米国の大手地域系通信事業者のBellSouthは2005年6月7日(米国時間),高速無線通信方式「WiMAX」をベースに開発した固定無線通信(FWA)装置を使って,8月から無線ブロードバンド(高速大容量)サービスを開始すると発表した。個人や中小企業向けのサービスで,ADSL(非対称デジタル加入者線)などの固定回線によるブロードバンドサービスを展開しにくい地域で提供するという。まず8月に,ジョージア州アテネで開始し,2005年中にフロリダ州のいくつかの町でも提供する計画である。

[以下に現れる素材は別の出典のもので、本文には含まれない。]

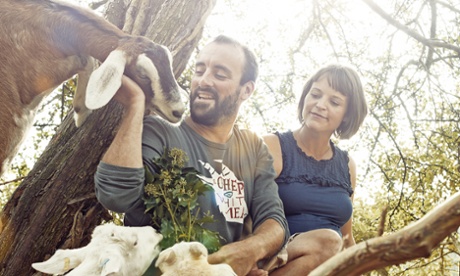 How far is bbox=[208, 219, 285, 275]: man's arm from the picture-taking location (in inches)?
90.9

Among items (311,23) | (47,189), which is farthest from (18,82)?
(311,23)

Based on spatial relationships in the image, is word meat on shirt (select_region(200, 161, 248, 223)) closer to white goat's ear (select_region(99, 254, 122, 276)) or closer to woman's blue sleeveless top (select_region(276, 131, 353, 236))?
woman's blue sleeveless top (select_region(276, 131, 353, 236))

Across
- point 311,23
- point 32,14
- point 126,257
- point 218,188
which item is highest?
point 311,23

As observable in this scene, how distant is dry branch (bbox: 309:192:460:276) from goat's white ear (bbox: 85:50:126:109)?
6.16 feet

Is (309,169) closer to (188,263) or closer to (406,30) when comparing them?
(188,263)

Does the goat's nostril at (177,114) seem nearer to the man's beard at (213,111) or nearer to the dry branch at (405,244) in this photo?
the man's beard at (213,111)

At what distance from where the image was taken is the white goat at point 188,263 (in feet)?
5.22

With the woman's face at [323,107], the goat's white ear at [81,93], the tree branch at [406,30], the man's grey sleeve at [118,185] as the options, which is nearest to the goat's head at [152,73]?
the goat's white ear at [81,93]

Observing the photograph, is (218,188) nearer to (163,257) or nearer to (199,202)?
(199,202)

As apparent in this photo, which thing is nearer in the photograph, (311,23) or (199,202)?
(199,202)

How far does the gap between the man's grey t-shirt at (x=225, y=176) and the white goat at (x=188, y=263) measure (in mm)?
640

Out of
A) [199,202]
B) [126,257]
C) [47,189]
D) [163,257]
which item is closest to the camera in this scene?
[163,257]

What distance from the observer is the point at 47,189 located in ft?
9.61

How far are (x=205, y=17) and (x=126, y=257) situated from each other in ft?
7.28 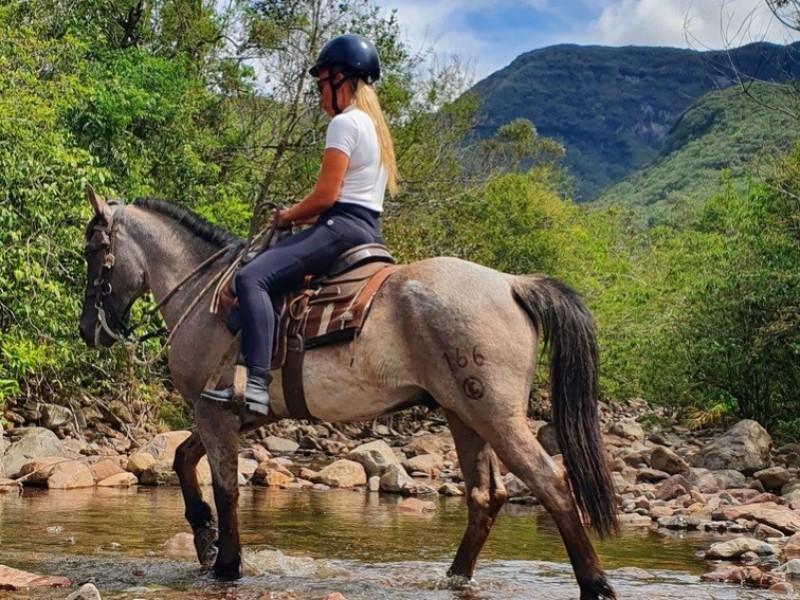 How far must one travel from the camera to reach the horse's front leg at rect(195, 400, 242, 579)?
257 inches

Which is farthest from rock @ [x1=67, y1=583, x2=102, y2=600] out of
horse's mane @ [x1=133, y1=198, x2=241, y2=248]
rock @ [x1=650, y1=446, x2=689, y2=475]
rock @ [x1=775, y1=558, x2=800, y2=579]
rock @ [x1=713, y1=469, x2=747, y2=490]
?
rock @ [x1=650, y1=446, x2=689, y2=475]

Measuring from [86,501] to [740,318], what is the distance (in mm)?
13462

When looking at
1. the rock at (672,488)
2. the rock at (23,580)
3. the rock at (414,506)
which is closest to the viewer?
the rock at (23,580)

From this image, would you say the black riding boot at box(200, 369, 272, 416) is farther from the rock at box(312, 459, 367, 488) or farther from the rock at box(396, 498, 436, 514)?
the rock at box(312, 459, 367, 488)

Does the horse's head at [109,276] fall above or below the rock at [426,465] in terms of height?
above

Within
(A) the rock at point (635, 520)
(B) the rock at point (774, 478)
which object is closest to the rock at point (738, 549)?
(A) the rock at point (635, 520)

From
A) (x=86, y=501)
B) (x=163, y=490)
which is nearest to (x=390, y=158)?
(x=86, y=501)

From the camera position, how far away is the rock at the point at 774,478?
567 inches

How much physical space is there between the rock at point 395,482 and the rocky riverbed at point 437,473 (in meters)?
0.02

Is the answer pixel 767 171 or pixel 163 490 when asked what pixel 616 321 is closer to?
pixel 767 171

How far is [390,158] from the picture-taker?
664 centimetres

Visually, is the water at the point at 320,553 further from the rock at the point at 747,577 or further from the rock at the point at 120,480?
the rock at the point at 120,480

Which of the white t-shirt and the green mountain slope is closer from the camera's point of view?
the white t-shirt

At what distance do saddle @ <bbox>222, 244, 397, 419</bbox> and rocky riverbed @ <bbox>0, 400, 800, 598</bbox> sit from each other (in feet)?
10.9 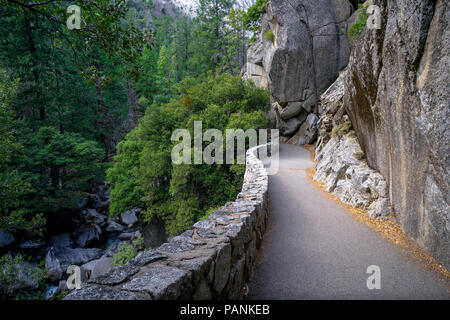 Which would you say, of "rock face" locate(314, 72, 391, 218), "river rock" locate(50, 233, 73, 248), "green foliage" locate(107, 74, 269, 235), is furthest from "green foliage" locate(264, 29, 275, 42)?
"river rock" locate(50, 233, 73, 248)

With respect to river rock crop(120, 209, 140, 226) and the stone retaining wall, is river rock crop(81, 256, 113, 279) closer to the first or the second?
river rock crop(120, 209, 140, 226)

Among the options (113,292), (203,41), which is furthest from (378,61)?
(203,41)

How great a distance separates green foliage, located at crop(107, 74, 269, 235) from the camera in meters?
14.5

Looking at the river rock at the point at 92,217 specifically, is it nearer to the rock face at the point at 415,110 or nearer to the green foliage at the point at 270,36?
the rock face at the point at 415,110

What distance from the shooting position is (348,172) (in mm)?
7645

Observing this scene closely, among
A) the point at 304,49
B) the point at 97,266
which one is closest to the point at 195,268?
the point at 97,266

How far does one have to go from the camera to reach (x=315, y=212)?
21.7 feet

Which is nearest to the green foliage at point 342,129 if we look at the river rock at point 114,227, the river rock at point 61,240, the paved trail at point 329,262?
the paved trail at point 329,262

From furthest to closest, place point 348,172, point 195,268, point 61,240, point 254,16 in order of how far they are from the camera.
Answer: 1. point 254,16
2. point 61,240
3. point 348,172
4. point 195,268

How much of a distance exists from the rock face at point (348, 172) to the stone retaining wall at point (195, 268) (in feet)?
12.8

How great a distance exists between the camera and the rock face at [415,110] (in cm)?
369

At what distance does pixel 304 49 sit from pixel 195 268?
897 inches

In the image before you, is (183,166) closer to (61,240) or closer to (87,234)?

 WiMAXはIEEE(米国電気電子技術者協会)の802.16委員会が標準化している無線MAN(メトロポリタン・エリア・ネットワーク)方式であり,FWAとして使う場合の規格「IEEE802.16-2004」が既に標準化されている。ただしこのFWA規格についても,現在は業界団体のWiMAXフォーラムが複数の製品の相互接続性を検証している段階であり,正式なWiMAX準拠の製品はまだ出荷されていない。今回BellSouthは,子会社の米NaviniNetworksが開発したWiMAXフォーラム認定前の製品を使って,サービスを実現する計画である(シカゴ発)。